M’Cheyne wrote: “Oh God, please make me as holy as a pardoned sinner can be.”
His prayer sounded so foreign from the sloppy grace/feel good message that is so often heard and practiced across America today.
I’ve looked into the sloppy grace/feel good idea—it left me empty and hungry for something more. Sort of like eating candy, sloppy grace/feel good religion gives you a quick high but it is empty calories, it doesn’t stick to your ribs, it doesn’t cause you to grow, it only validates your indulgent and unhealthy lifestyle.
On the other hand, M’Cheyne’s prayer struck a chord in my heart today. It acknowledged the lifelong struggle we have with sin and self (pardoned sinner) but it also challenged me to indeed struggle—not to settle with mediocre live-as-close-to-the-world-as-I-can living. M’Cheyne challenged me to run to win; to strive for the high calling of God; to be all that I can be as a Christian.

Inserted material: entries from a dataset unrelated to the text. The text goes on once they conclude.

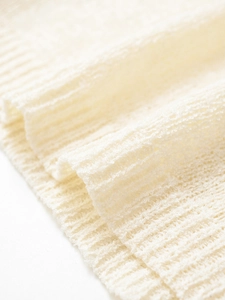 Macro shot of cream knit fabric texture with ribbed edge details and soft fibers
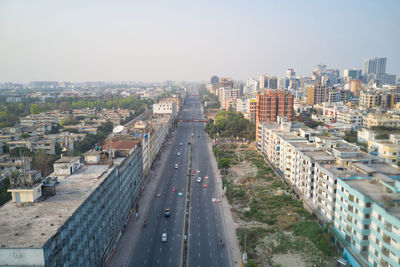 High angle view of street amidst buildings against sky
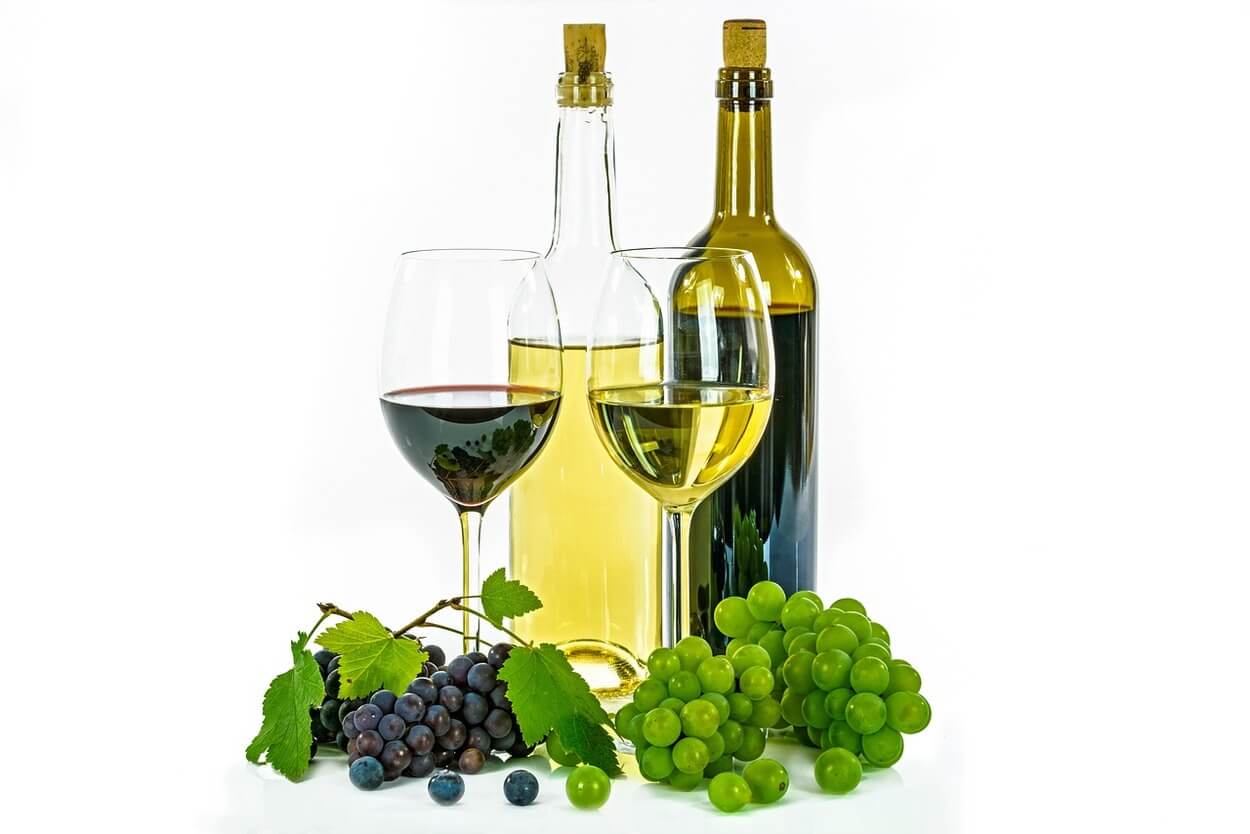 Una imagen de botellas de vino junto con copas y uvas.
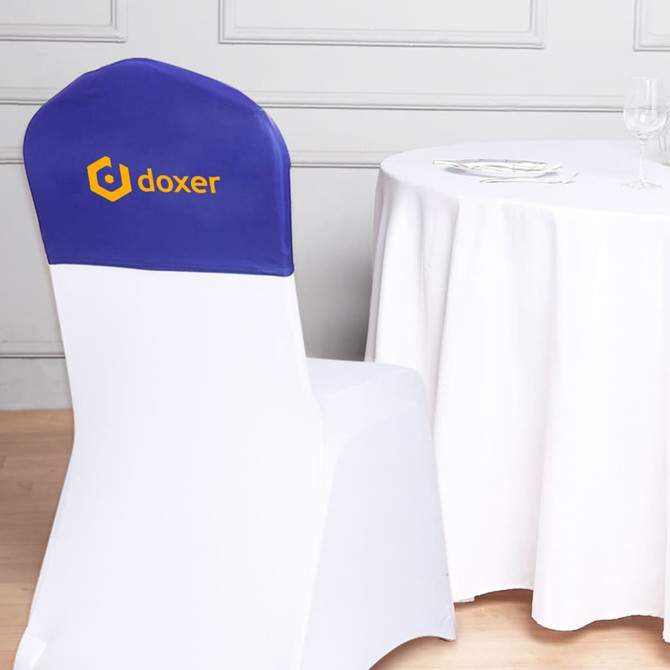 A half chair cover in blue and white featuring a logo, placed on a chair next to a table with a white tablecloth.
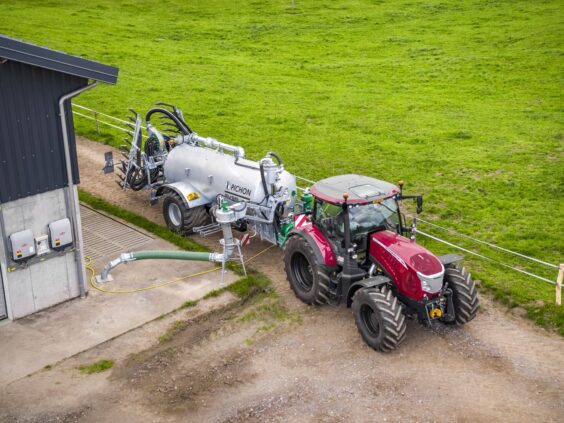 Rød traktor koblet til Pichon fyllesystemer for vakumvogner ved en landbruksbygning.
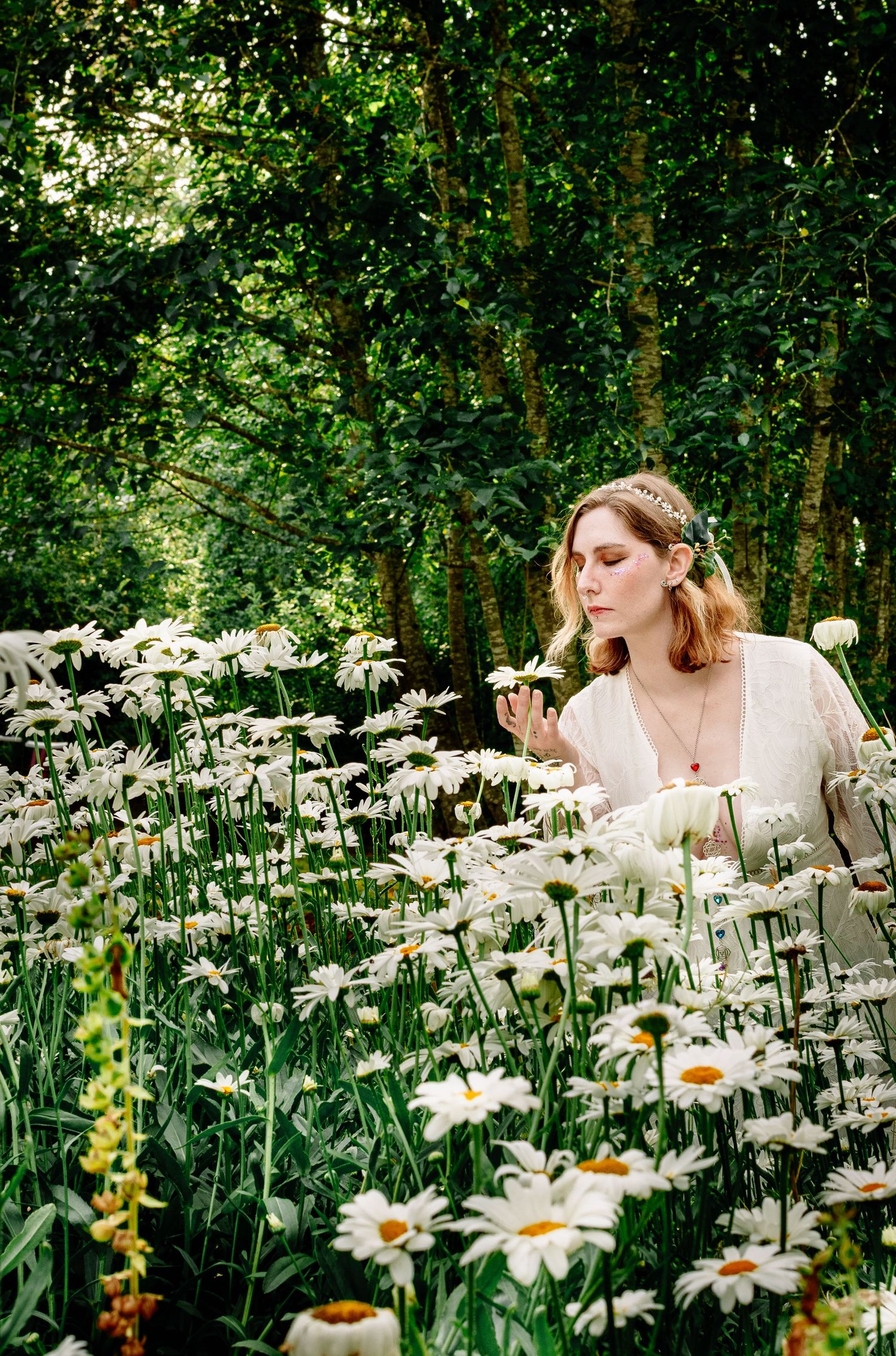 Dreamy styled collaboration portrait at The Pole Garden Monroe WA with daisies.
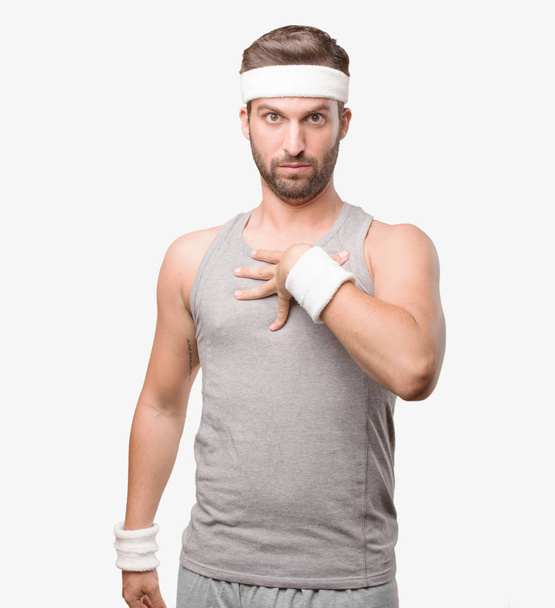 Young handsome sportsman confused with gray tank top. Person isolated against monochrome background. - Fotó, kép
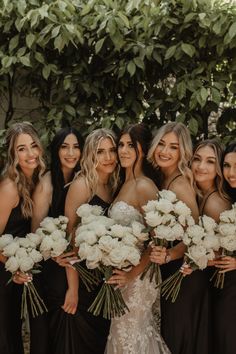 a group of women standing next to each other holding bouquets of white flowers in their hands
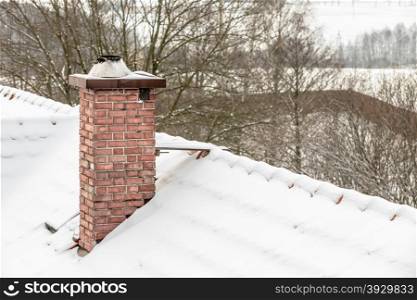 Winter season and seasonal specific. Red chimney and roof covered with snow
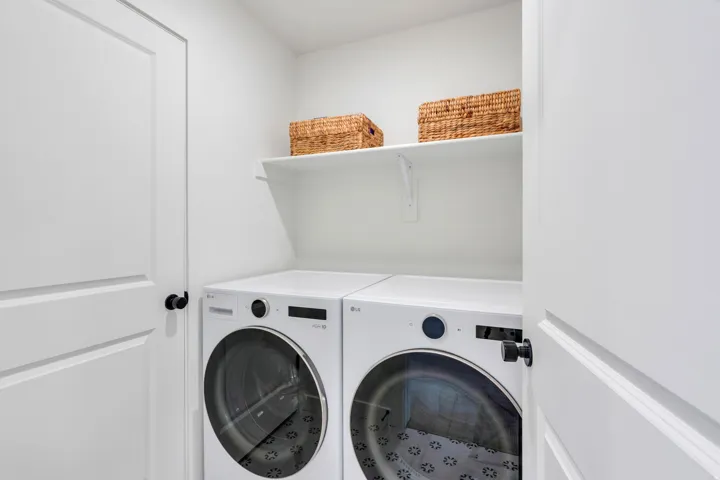 Dedicated laundry area featuring a white floating shelf, white walls, and built-in appliances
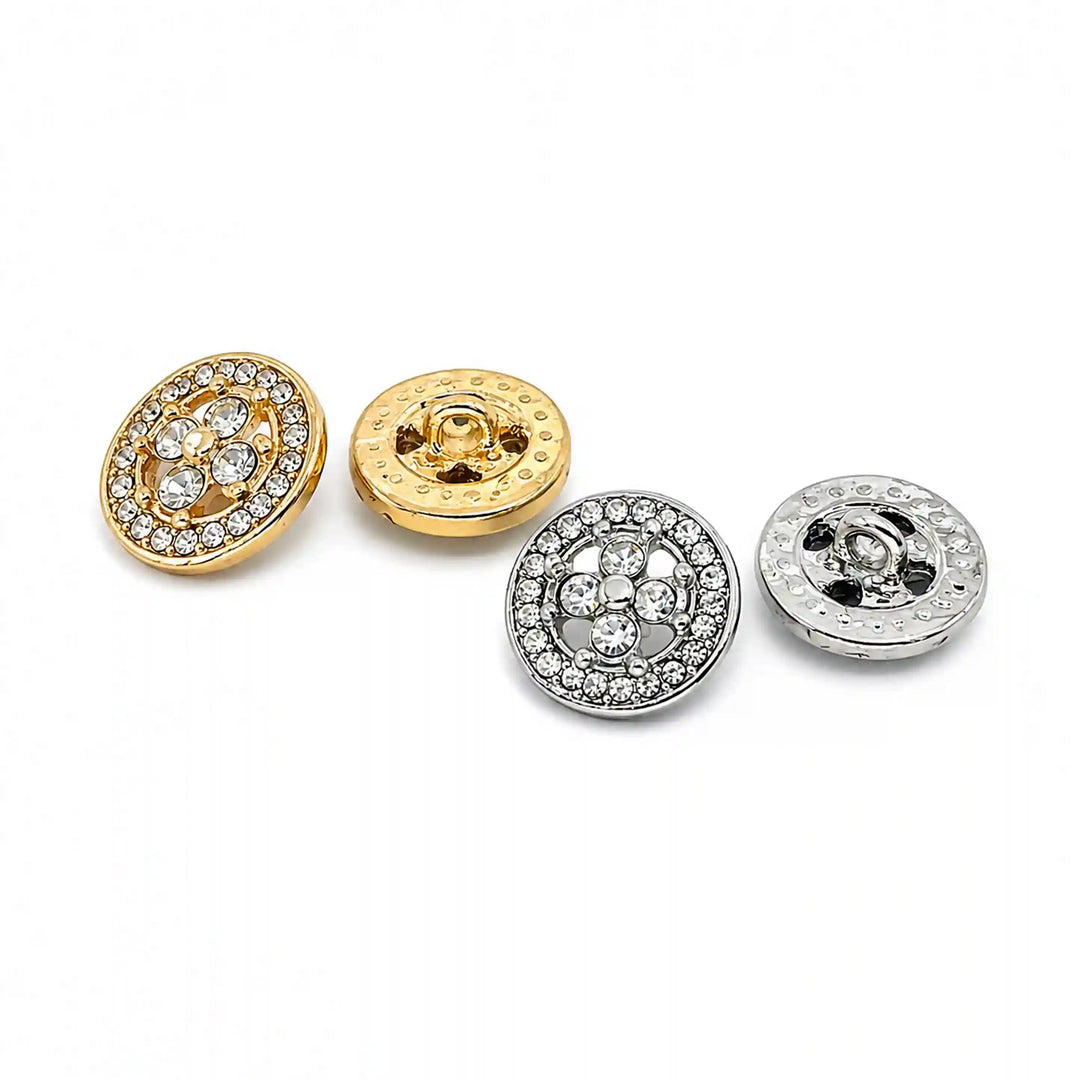 ANI Accessories gold and silver quatrefoil rhinestone metal buttons lined up, low angle view on white background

Antoine de Saint-Exupery, one of the pioneering aviators of the early 20th century, once said:
- “If you want to build a ship, don’t drum up people to collect wood and don’t assign them tasks and work, but rather, teach them to long for the immensity of the sea.”
M’Cheyne’s prayer stirred a longing for the “immensity of the sea” in my heart this morning. I don’t want to spend my life paddling around in mud puddles of half-hearted, lukewarm, low-commitment Christianity; I want to set sail upon the sea of God holiness and see where giving my all; giving my best for the sake of Christ will lead.
The ONE THING for today: Will you join me?
Philippians 3:7-11 (NKJV)
7 But what things were gain to me, these I have counted loss for Christ. 8 Yet indeed I also count all things loss for the excellence of the knowledge of Christ Jesus my Lord, for whom I have suffered the loss of all things, and count them as rubbish, that I may gain Christ 9 and be found in Him, not having my own righteousness, which is from the law, but that which is through faith in Christ, the righteousness which is from God by faith; 10 that I may know Him and the power of His resurrection, and the fellowship of His sufferings, being conformed to His death, 11 if, by any means, I may attain to the resurrection from the dead.
Note: If you are interested in reading more of M’Cheyne’s writings I recommend, Andrew Bonar’s book: “Memoir & Remains of Robert Murray M’Cheyne” available through The Banner of Truth Trust.